Seriously though, if that doesn’t sound like a terribly thrilling prospect, then there’s another angle that might be closer the mark for most people and help me convince you that Canadian director Jean-Marc Vallée’s latest extraordinary feature is well worth seeing. Do you like music? Are you capable of getting lost in a song that seems to forge some kind of mystical connection with your soul? Can a song speak to you personally in a way that nothing else does, getting to the heart of inexpressible feelings and yearnings, help you though those difficult times, contributing to form a soundtrack to your life? Well then, everyone, Café de Flore is a film for you, the kind of film that not only explores just such a concept, but it has the right kind of musical and visual language to enter into the music itself and make that same kind of connection with its audience.
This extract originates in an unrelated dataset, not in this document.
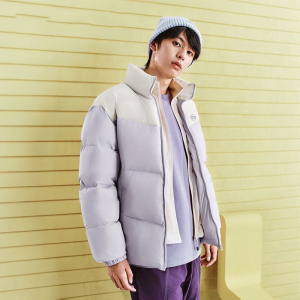 斯凯奇(Skechers)男女同款梭织休闲防寒羽绒服新款时尚运动保暖立领外套L324U104-0018 ZP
You’re still initially going to need to make a leap of faith however, because Jean-Marc Vallée doesn’t make things easy for the viewer. Based around two love stories - one in present-day Canadian French-speaking Montreal, the other in Paris around 1969 - the difficulty comes not necessarily in either of the two stories themselves, but in how they connect. In the Paris ‘69 section, the love is between a mother Jacqueline (Vanessa Paradis) and her young son Laurent (Marin Gerrier), a disabled child with Down syndrome. Unsupported by the child’s father, Jacqueline raises the young boy alone, has him educated in a school for normal children and is determined to beat the statistics regarding the quality of life and short lifespan that Laurent can expect. There’s grit and determination in Vanessa Paradis’ performance and a lot of humour as well as poignancy in the situation as Laurent starts to express his own personality and growth in unexpected ways, finding a sense of wonder of a song called 'Café de Flore' on a compilation LP of easy-listening jazz standards, and a new friendship with a young girl in his class also with Down syndrome.
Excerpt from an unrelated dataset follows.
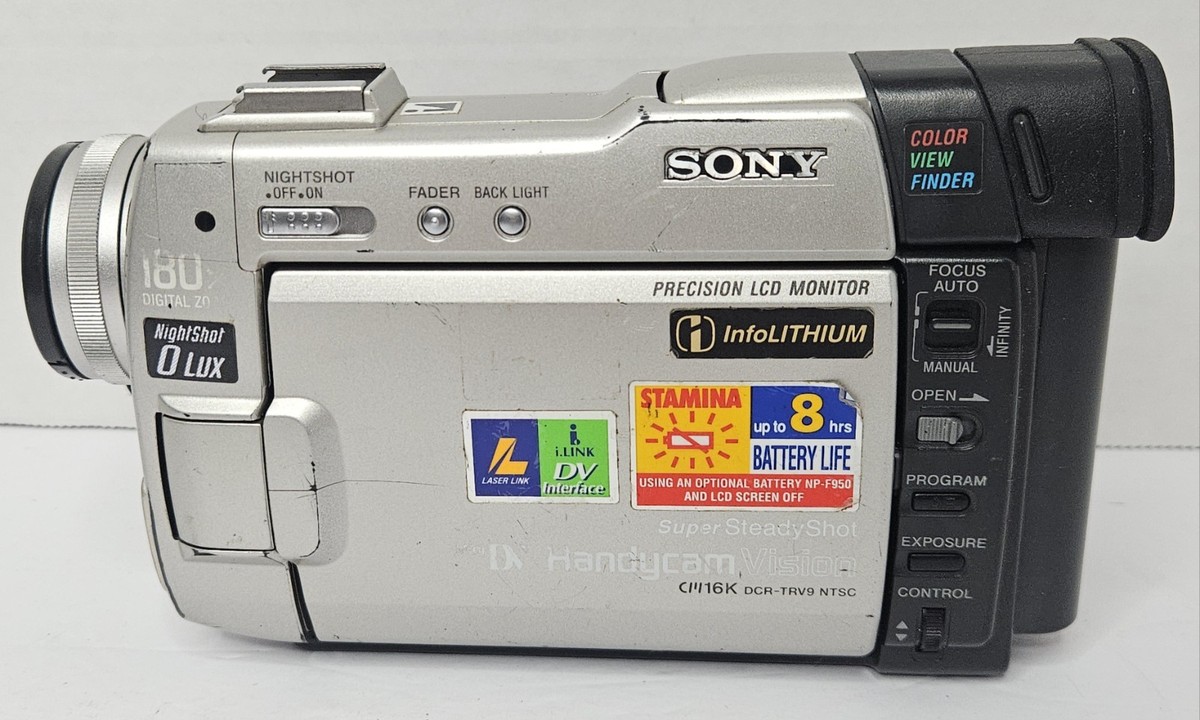 Sony DCR-TRV9 Mini DV Handycam Silver Handheld Digital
In the present-day story, thirtysomething Antoine (Kevin Parent) has a very different lifestyle and expectations. He has a beautiful girlfriend, two wonderful children, an impressive home and a successful career as an international DJ. He lives in music. It’s been a part of his life for as long as he can remember, the music creating a space for him to live in and explore himself at different stages of his life, and it’s been a shared experience with Carole (Hélène Florent) who has been destined to be his soulmate from childhood. Never any question, never any doubt. Why then when he meets Rose (Evelyne Brochu) - at a party, and not to any great life-changing piece of music, but to a simple downtempo lounge piece called 'Café de Flore' - does Antoine feel like he has really found his another soulmate? His true soulmate, the one he simply has to be with, even if it means potentially destroying the lives of his family and all the people who mean so much to him. This isn’t how it should be. Surely there can only be one soulmate?
Between the two stories the film covers the idea of love in various guises, the good feelings it engenders as well as the problems it can also cause. It does this marvellously, making both stories equally compelling through the rhythm of its editing and through its choice of soundtrack music. Pink Floyd, Sigur Rós and The Cure feature prominently and extensively, but they are not there simply there to provide a musical accompaniment to the film, they are an intrinsic part of the film. Jean-Marc Vallée’s method of intercutting the two stories is like a DJ on a mixing deck, working to the rhythms of the music helps keep a consistency of flow in the potentially confusing narrative strands, or at least finding a consistent connection in the common emotional points of the two stories. The smart editing, jump-cut repetition of imagery can be a little bit overwrought, like early Darren Aronofsky, but Vallée is aiming more than just for stylistic trickery and finds something more akin to Marco Bellocchio’s employment of musical reverie to reach a transcendental ecstatic truth in Good Morning Night (which also notably uses Pink Floyd) and in Vincere.
If you sit back and go with the flow that is presented, then Café de Flore is a dazzling display of filmmaking technique aligned to real and meaningful emotions. Depending on your responsiveness to the material, there could however be some difficulty in accepting the portentous mystical Alejandro González Iñárritu -like sense of life being interconnected at levels we can’t even imagine (stick around for that final photographic close-up just before the end credits), but the choice of which angle to approach the central concept - the soulmates angle or the music angle - could make acceptance a little bit easier. Café de Flore has all the hallmarks then of a cult classic in the making, or it could be a load of old twaddle, depending on your receptiveness. Sometimes however that’s the kind of risk you have to take to make a great film, and Café de Flore could just be one.